Infection and Immunity, August 2001, p. 4703-4708, Vol. 69, No. 8
Dendritic Cells: Immune Saviors or Achilles'
Heel?
Department of Periodontics, School of Dental
Medicine, State University of New York
Dendritic cells (DCs) consist of a
family of antigen-presenting cells (APC) that patrol all tissues of the
body with the possible exceptions of the brain and testes. DCs function
to capture bacteria and other pathogens for processing and presentation
to T cells in the secondary lymphoid organs (2, 3). They
serve as an essential link between innate and adaptive immune systems
and induce both primary and secondary immune responses
(59). DCs possess the unique ability to prime naive helper
and cytotoxic T cells; thus, much interest has been fostered in their
possible use in immune response modulation of infectious diseases,
cancer, and autoimmune diseases. A number of excellent recent reviews present a comprehensive overview of DCs and their subset diversity (2, 3, 37, 59). Here, we focus on the interaction of DCs
with bacteria and other pathogens. We emphasize the key features that
distinguish DCs as "immune saviors," starting with a brief mention
of the in vitro systems for studying DC biology and techniques for DC
expansion in vivo. We discuss the mechanisms that enable DCs to arrive
at the skin and mucosa, to internalize bacteria and other antigens
(Ag), to migrate to the T-cell-rich region of lymphoid organs, to
process and present bacterial Ag to T cells, and to modulate the
adaptive immune response (Fig. 1).

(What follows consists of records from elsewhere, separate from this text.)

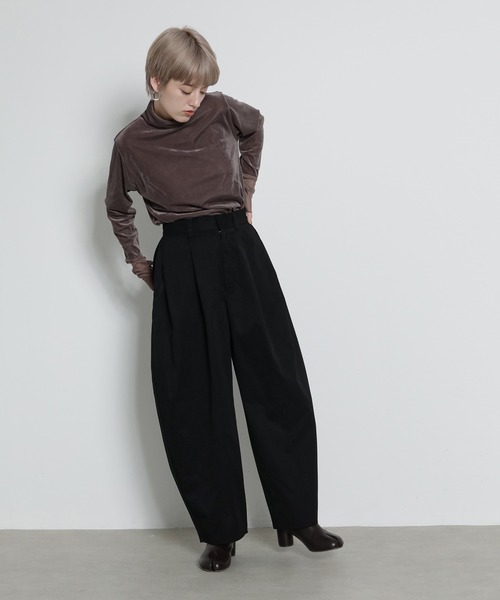 ワイドパンツ パンツ ミリタリー タック バレルパンツ レディース | en CAnAF | 15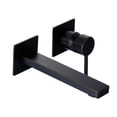 thumbnail image 1 of Wowow Solid Brass Single Handle Wall Mounted Bathroom Faucet with Rough-In Valve, 1 of 7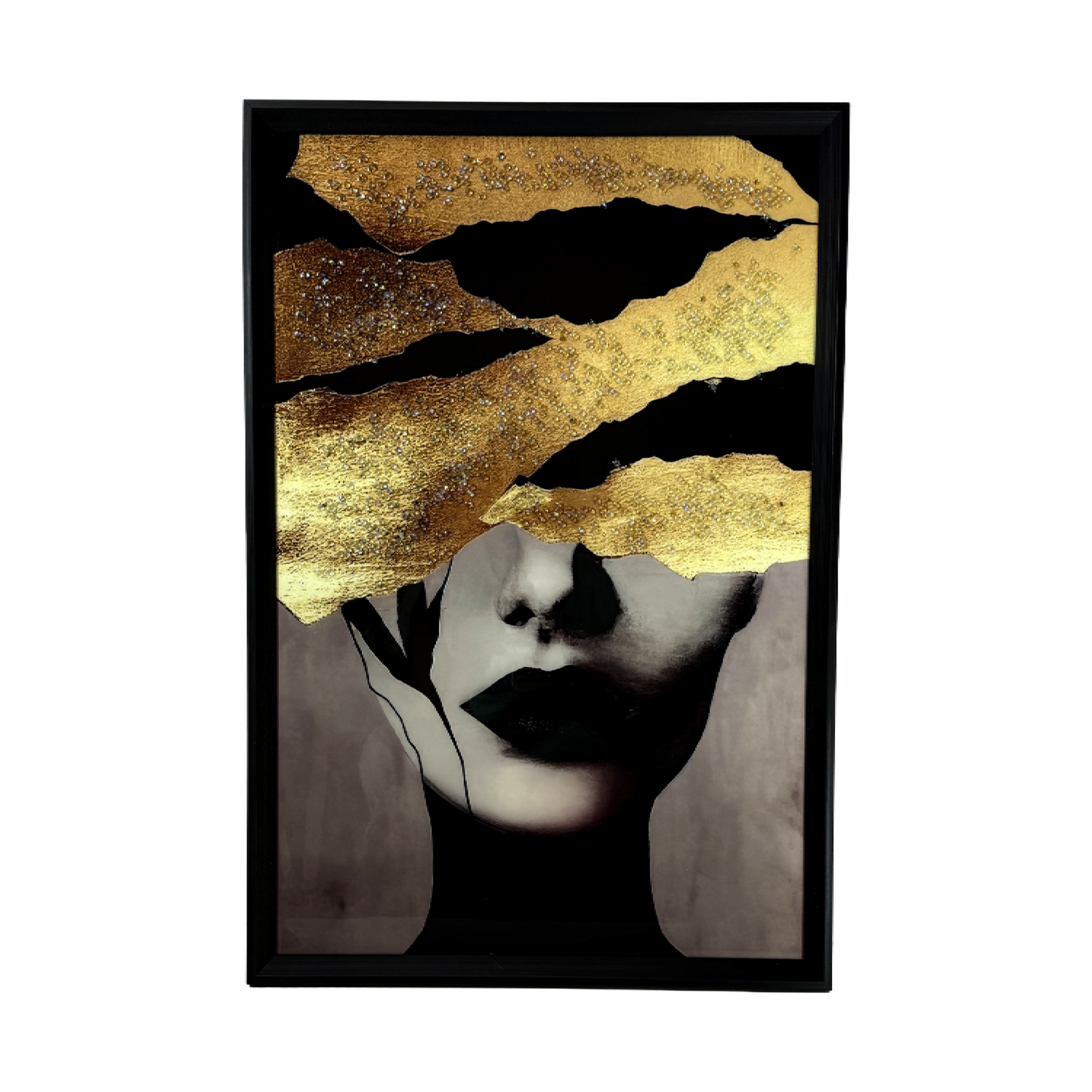 The Golden Veil: Mystery draped in elegance.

This
evidence is countered, where noted, with the "Achilles' heel"
premise that many of these same activities represent a weakness,
subject to exploitation by bacterial pathogens. Finally, we develop a
conceptual overlap between infectious diseases and cancers, emphasizing
how knowledge of the interactions of DCs with bacteria may lead to advancement of cancer therapy.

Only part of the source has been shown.